The Red Garden

Written by Alice Hoffman
Review by Jeanne Greene

Each tale in The Red Garden, a running story of residents of a small New England village, begins with someone coming to town or someone leaving. For 300 years, ordinary people find themselves in Blackwell, Massachusetts, and stay on, or leave, as if by chance – or magic.

In 1750, the first settlers, lost and starving, hunker down to wait for death, but one young woman has the will to survive. Hallie Brady ventures out to search for food but finds far more – a unique connection to man and beast. When tragedy follows Hallie to the new settlement, turning her garden red with blood, she returns to the wilds alone.

The tales that follow build on ones before, not necessarily along family lines. Years pass, three centuries, measured in births and deaths. Each successive personality, vividly brought to life, reflects the prevailing social environment, in mostly subtle ways.

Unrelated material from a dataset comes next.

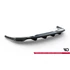 Rear Splitter (with vertical bars) Audi e-Tron S-Line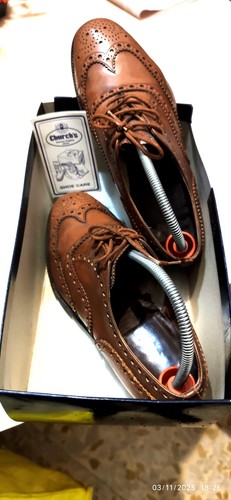 Scarpe church uomo - scarpe, usate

Language evolves to keeps up with the changing world. An American town emerges, shaped by individuals and forces largely unknown to current residents. Connections to past generations, mostly invisible, are buried in time.

The site of the original Brady garden now lies in the center of town. Anything planted there grows tinged with red. When all attempts to explain the phenomenon fail, there’s nothing left to do but what people always do – shrug and say, “It’s always been that way.”

The Red Garden is recommended to readers who enjoy, in addition to beautiful prose, magical realism and different narrators over time. If this is not to your taste, read the 1999 success, Here on Earth, or see the author’s varied backlist. Alice Hoffman is an author not to be missed.